Globalement, la perspective de voir Cuba recevoir des drones Shahed avancés de la part de la Russie intervient à un moment où les tensions bilatérales entre Washington et La Havane sont déjà exacerbées, ajoutant un degré d'urgence stratégique supplémentaire. Cette configuration rappelle explicitement la crise des missiles de la guerre froide car, à nouveau, les États-Unis font face à la perspective d'un État insulaire proche acquérant la capacité de frapper en profondeur leur territoire national.
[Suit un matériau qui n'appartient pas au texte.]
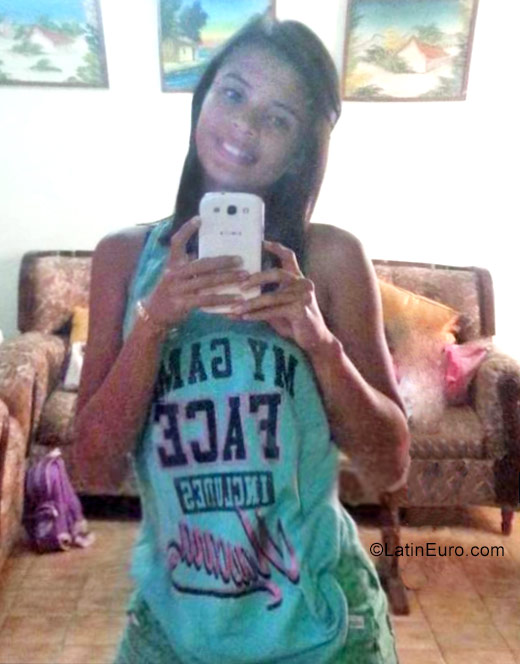 Date this stunning Venezuela girl Carlotatyu from Acarigua VE914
La différence structurelle aujourd'hui réside dans le fait que la menace provient de drones à longue portée low-cost et non de missiles balistiques nucléaires, mais l'impact stratégique demeure profond. De plus, alors que l'administration américaine tente actuellement de gérer les répercussions des tentatives manquées de changement de régime en Iran, cette diversion vers un potentiel foyer de menace plus proche du territoire national accroît les risques d'escalade, portée par l'intention d'obtenir un succès politique intérieur rapide.